Ma la stranezza va al di là delle singole personalità, e riguarda intere organizzazioni e idee di business: pensate ad Airbnb, un’azienda di strutture ricettive che non possiede nemmeno un letto, o a Uber, un’azienda di trasporti senza autisti nel suo organico. Che si tratti di un modello aziendale, di un obiettivo di una strategia di marca, ciascuna di queste aziende si è orientata verso l’insolito e ha goduto, come risultato diretto, di un impatto significativo. Gli esempi si potrebbero moltiplicare: quanto più una cosa sembra non avere senso, tanto più potrebbe diventare il prossimo trend.
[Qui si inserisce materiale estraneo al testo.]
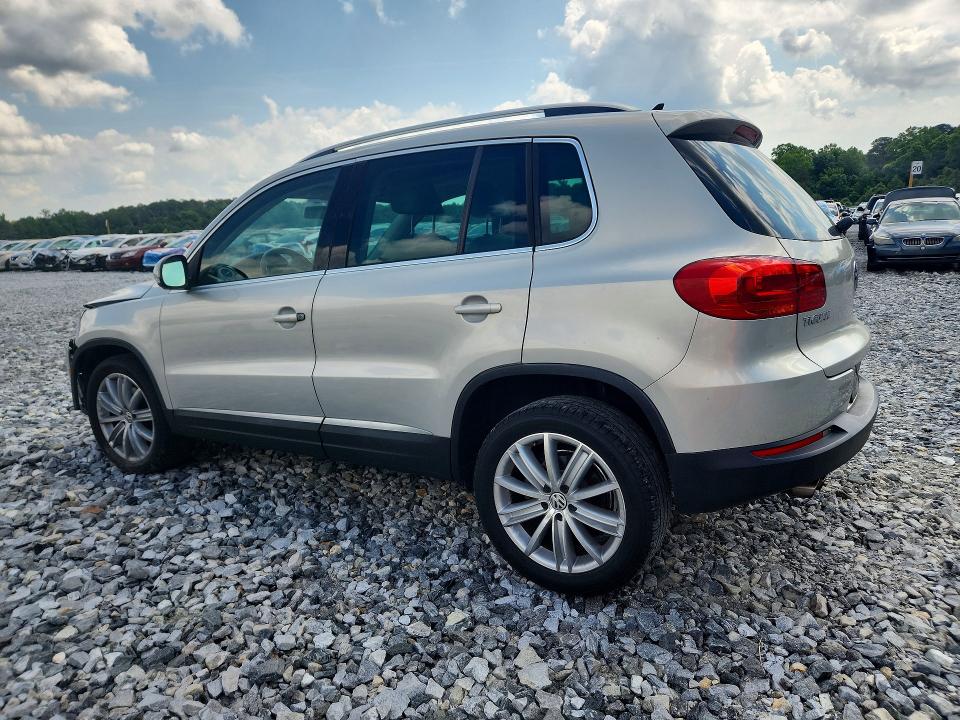 53961836 :رقم المزاد ، WVGAV7AX7DW557531 vin ، 2013 Volkswagen Tiguan مزاد بيع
Ora va di moda dire che il metaverso è morto e sepolto, ma la verità è che sempre più persone spendono notevoli quantità di tempo in mondi virtuali, a giocare. E se guardiamo al di là delle bizzarre (strane?) demo di Meta, i segnali che stiamo vivendo già in un mondo ibrido sono molteplici. Fortnite è un gioco online gratuito, ma circa il 60% dei giocatori spende soldi per comprarsi outfit e personaggi virtuali. Non è tanto strano in sé, ma è un sintomo del fatto che molte persone affermano di sentirsi più facilmente sé stesse negli ambienti virtuali che nella vita reale.
Gli avatar digitali sono corazze che proteggono gli aspetti più sensibili della personalità, come l’identità di genere. Negli spazi virtuali le persone si sentono più libere di sperimentare, di costruirsi e di mostrare la propria vera identità, che spesso è un’identità ibrida. E questa ibridazione apre lo spazio a nuove “stranezze”, che sono tali solo per chi pensa con schemi tradizionali.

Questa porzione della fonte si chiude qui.